- Education: California College of the Arts McGill University School of Social Work
- Known for: Visual art

= Shanna Strauss =

Tanzanian-American-Canadian artist

Shanna Strauss is a mixed media visual artist based in Montreal, Quebec, Canada. Strauss is Tanzanian-American-Canadian and has exhibited work in Tanzania, Canada, Senegal, and the United States. Working predominantly on found wood, she combines photo-transfer, painting, wood burning, wood carving, beads, fabric, and other traditional Tanzanian materials. The techniques and mediums in her work are selected for their symbolic and cultural significance. Strauss often collaborates with her life and artistic partner, visual artist Jessica Sabogal.

== Education ==

Strauss completed a Bachelor of Fine Arts at the California College of Arts, San Francisco, CA. In 2014, she completed a Master's degree in Social Work at McGill University, Montreal, Quebec, with a focus on International and Community Development.

== Career ==

=== Exhibitions ===
Strauss’ work has been exhibited at the Montreal Museum of Fine Arts, Montreal, Quebec,; SomArts, San Francisco, CA; SPARC Gallery, Los Angeles, CA; Kala Art Institute, Berkeley, CA; the Thacher Gallery at the University of San Francisco, San Francisco, CA; and the Esker Foundation, Calgary, Alberta, Canada.
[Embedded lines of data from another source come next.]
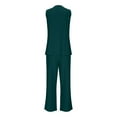 thumbnail image 6 of AHTJRT 2 Piece Pant Suits for Women Dressy Sleeveless V Neck Tops and Wide Leg Pants Sets Formal Business Casual Outfits Multicolor S, 6 of 7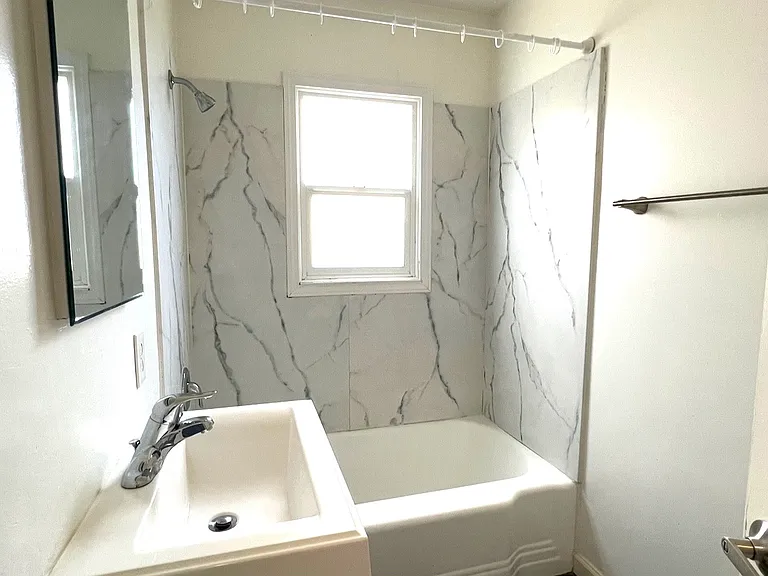 Full Bathroom with Tub, Shower & Window Ventilation
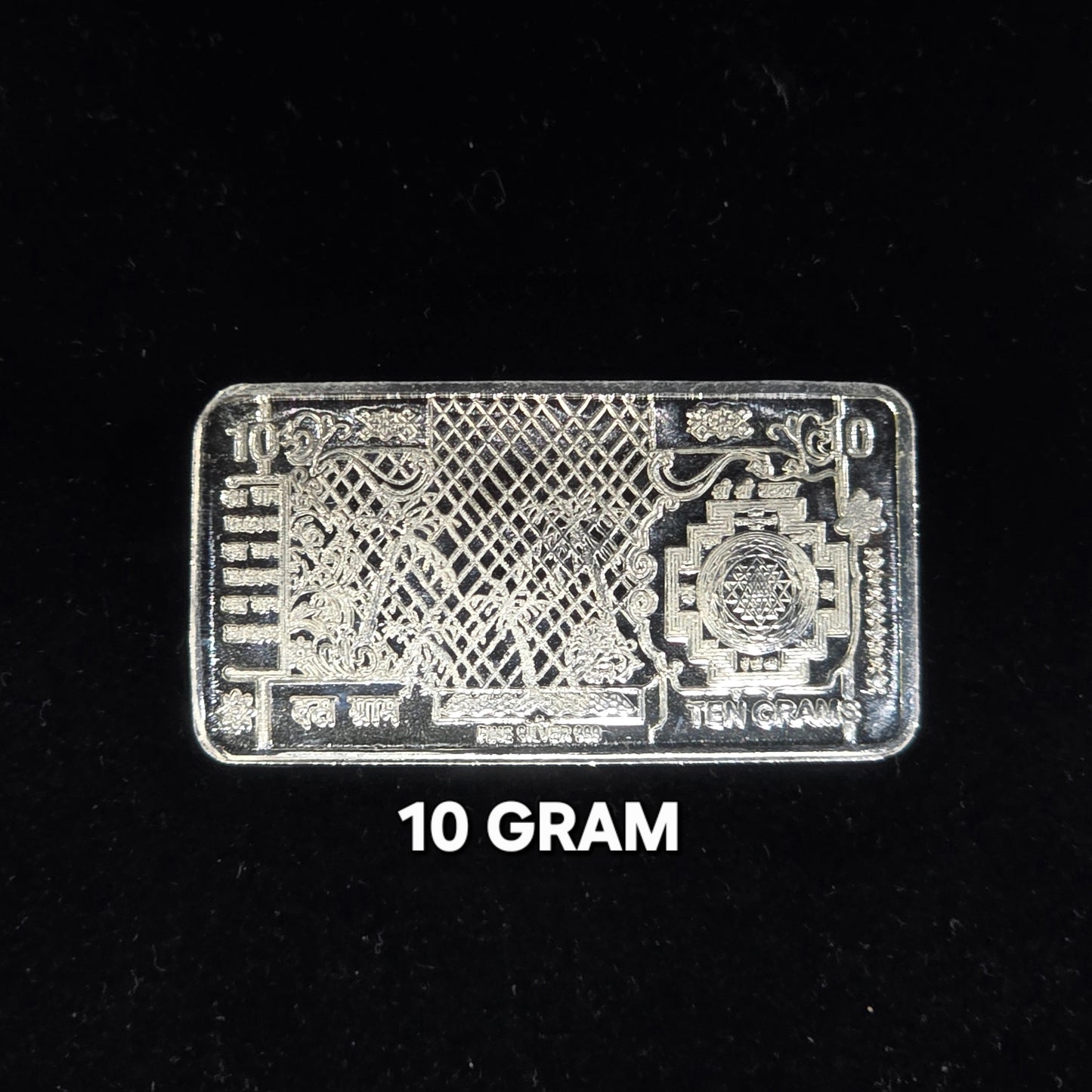 Pure 999 Hallmarked Silver Lord Ganesha & Lakshmi ji 10 grams Coin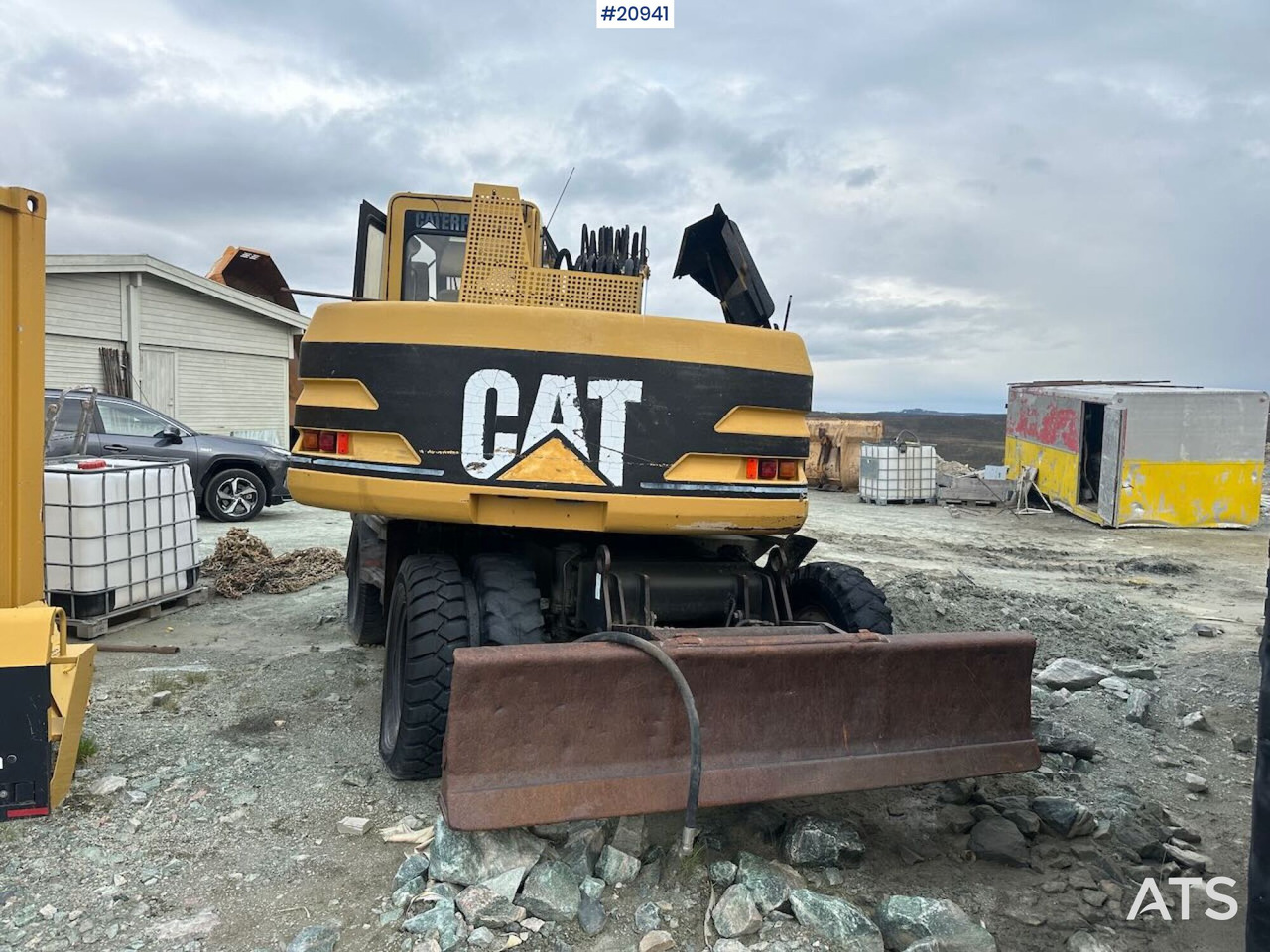 Escavadeira de rodas Caterpillar 312: foto 6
Her work is in the permanent collection of the Montreal Museum of Fine Arts, Montreal, Quebec.

Strauss collaborated with artist Jessica Sabogal on the mural "Protect Our Trans Daughters" in Sacramento, California, honoring Chyna Gibson who was murdered in New Orleans. The grand opening was held on March 31, 2018, coinciding with Transgender Day of Visibility.

=== Awards ===
Strauss was awarded a Kala Fellowship and Media Residency for 2020-2021 from the Kala Art Institute, Berkeley, California.

In 2021, Strauss was a resident artist at Crosstown Arts, Memphis, Tennessee.

=== Publications ===
Her work has been featured in Canadian Art, CBC Arts, Montreal Gazette, Sacramento News & Review, and M – Montreal Museum of Fine Arts Magazine.